You won’t be any good to anyone if you’re not taking care of yourself. Start to do that right now. If you’ve let old hobbies fall by the wayside, pick them back up again. Do you what you need to do to love yourself. It’s not selfish. In fact, it’s one of the most unselfish things you can do.
Step #2: Vow to Stop Blaming
Blaming your partner for his or her addiction isn’t going to get you anywhere. Actually, it will only serve to make the situation much worse. It’s time to stop placing blame. There really is no one to blame but the addiction itself. You should know that it can happen to anyone.
Step #3: Find Ways to Connect With Others in Your Situation
You’ve been through a terrible situation, and maybe it’s been years since life seemed normal. It’s important for you to connect with others who can share in your experiences. Joining an Al-Anon group near you is a great first step. You’ll get to meet others and learn from what they’ve been through as well. It can be so helpful to share your story with others.
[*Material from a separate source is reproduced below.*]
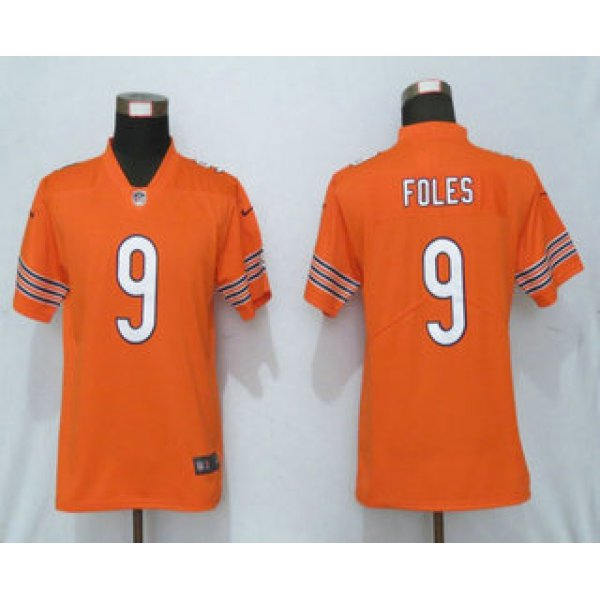 Women's Chicago Bears #9 Nick Foles Orange 2017 Vapor Untouchable Stitched NFL Nike Limited Jersey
Sometimes it helps just to be able to talk about how you feel among a caring group of people who understand.
Step #4: Build Your Own Life
As hard as it may be, it’s important for you to cultivate your own interests. For the longest time, your life has revolved around your addicted spouse. They dictated everything you did. That has to change, and this goes along with the first step very well.
Step #5: Rebuild Trust With Caution
This experience has taught you a lot, but you have to learn how to trust again. That doesn’t mean that you don’t use caution. You do need to use caution because you may be the only person able to detect a relapse. Still, give your partner the benefit of the doubt.
Being married to an active substance abuser can be chaotic and stressful, but with timely intervention and effective treatment there is hope and recovery for you all.